Supplementary file 1

Figure 1

Preferred Reporting Items for Systematic Reviews and Meta-Analyses flow diagram.

Study selection

All authors independently considered the potential eligibility of titles and abstracts generated by the search strategy. Full-text articles were obtained unless two or more reviewers deemed an abstract ineligible, with 10% of excluded records cross-checked. Each full-text report was assessed independently for final study inclusion. Disagreements about full-text inclusion were resolved by consensus. Meta-analysis was precluded by heterogeneity in outcome variables and labels employed. Four authors (DSJC, RM-B, ST, ZS) extracted data from an approximately equal number of articles, and all authors cross-checked the extraction for accuracy and consistency. Disagreements were resolved by consensus.

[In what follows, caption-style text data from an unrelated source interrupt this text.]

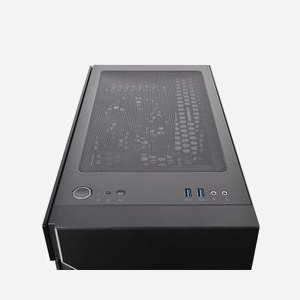 Thermaltake H200 TG RGB Boîtier PC Midi Tower Noir, ATX/micro ATX/Mini-ITX, 2x3.5", 3x2.5", 1x120mm avant, USB 3.2 Gen 1, Verre Trempé - Miniature 5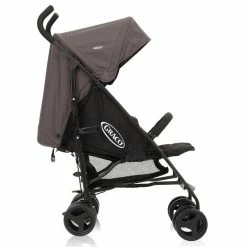 Graco Travelite Buggy Black & Grey Stufenlos Verstellbare Rückenlehne -Kinderwagen 6bf999bgreu graco emea travelite blackgrey recline profile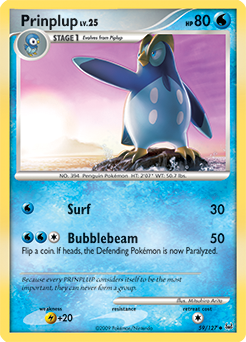 Prinplup card art
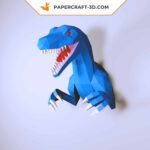 Papercraft de vélociraptor en origami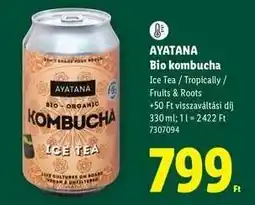 Lidl Ayatana Bio Kombucha ajánlat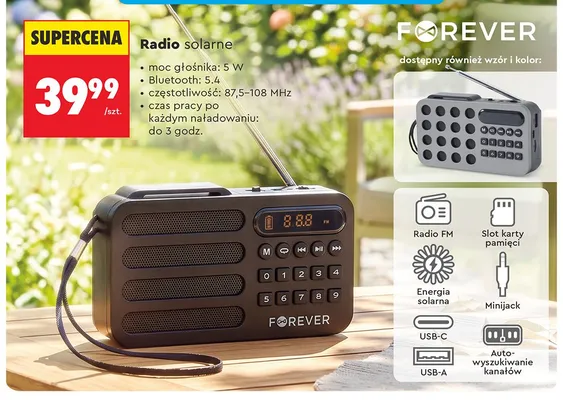 Radio solarne Forever promocja w Biedronka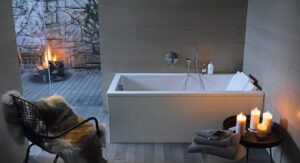 Starck badekar f/innbygging, 1700x750 mm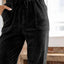 Drawstring Pants with Pockets - Korvel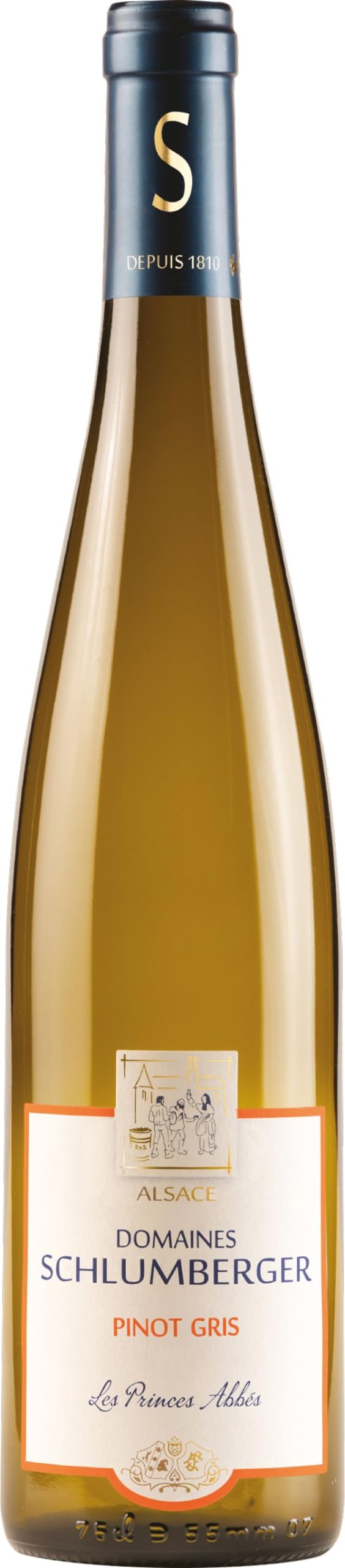 Domaines Schlumberger Pinot Gris Les Princes Abbés Elsass Wein (1 x 0.75 l)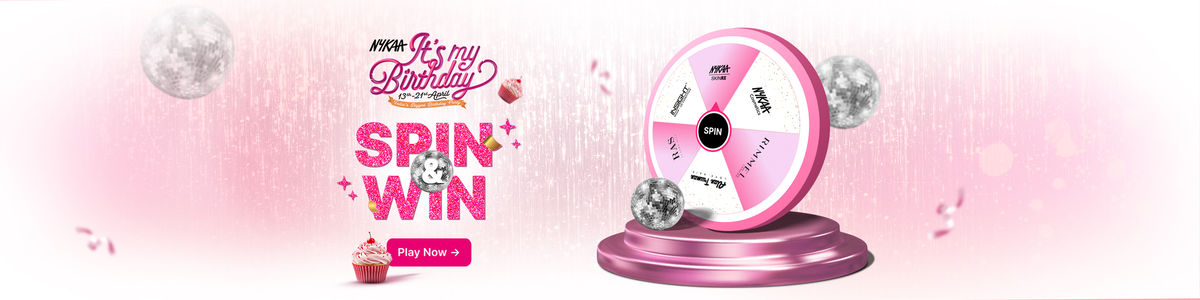 nykaa birthday spin the wheel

Data extraction and quality assessment

The reporting quality of the reviewed studies was assessed by all authors using criteria based on selected criteria from the Strengthening the Reporting of Observational Studies in Epidemiology statement for observational and cross-sectional designs25 (online supplementary appendix 2). Reporting quality assessments were conducted by a second reviewer for 10% of articles. Results of all articles were interpreted, however articles receiving a low-quality score (<25%) were excluded from secondary analyses to determine whether such studies influenced the results.

Supplementary file 2

Data synthesis and analysis

For each study we examined preference, ranking or rating of each term, and determined which was most preferred. We summarised these data taking into account the specific healthcare context in which each study was conducted, and how the question was asked (including specific phrasing, if provided). We also considered year of publication and country in which the study was conducted, as well as other variables potentially predictive of preference.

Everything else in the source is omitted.